Describing her first year as a councillor she says: "It has been a challenge. When I started my first year there were great expectations of me from all the BME communities. It was hard that first year but it has been a positive challenge. I've been very focused and supportive of my area and the people in it."
Marshall, a church minister, has worked as a family support co-ordinator for Easton Families Project since the beginning of the year. Much of her role involves supporting families in areas such as education, housing and immigration.
Alongside this role and her work as a councillor she also sits as a board member of the Children's Services Scrutiny Commission and on the Licensing Committee. She is also a school governor for a primary school and makes a number of regular motivational presentations to young people.
The mother-of-three will at the end of this month launch Destiny U Can Ltd, a motivational speaking company, holding seminars to motivate women, men and young people.

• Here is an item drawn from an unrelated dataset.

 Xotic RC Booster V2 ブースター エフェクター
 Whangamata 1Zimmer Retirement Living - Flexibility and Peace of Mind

In 2003 Marshall won her seat in Bristol by a large majority which she attributes to having a very good campaign, a lot of support from the party as well as being well known in the community from her work with the homeless and other community projects.

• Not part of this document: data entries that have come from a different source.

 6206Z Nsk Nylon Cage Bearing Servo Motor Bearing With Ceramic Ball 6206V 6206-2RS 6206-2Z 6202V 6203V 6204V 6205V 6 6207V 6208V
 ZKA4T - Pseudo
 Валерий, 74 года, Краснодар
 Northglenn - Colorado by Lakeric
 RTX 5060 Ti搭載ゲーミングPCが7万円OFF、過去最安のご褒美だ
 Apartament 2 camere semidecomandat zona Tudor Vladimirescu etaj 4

Marshall already has a number of projects in the pipeline. She has just established an Arabic Women's group, a Domestic Violence Women's Group and an African Caribbean Women's Support Group. She says: "I feel that working in this position at grass roots helps me to be more effective as a councillor."
For the past seven years Marshall has also been in the church ministry. She is presently a minister for Holiness Ministries, Pentecostal Church of God based in Wolverhampton.
Born in Bath, Marshall's late Christian parents were from Jamaica. She grew up in Bath and later went on to college where she qualified in management. She then completed a leadership course at Coventry University in 2003.
She says that no one actually influenced her to get into politics, instead she used her own initiative and pure self-motivation to find out what was happening around her and went for it. Marshall adds: "As I work with so many young people I thought it was necessary for them to see a positive BME (Black and other minority ethnic) role model so that they too can see that they can make a difference."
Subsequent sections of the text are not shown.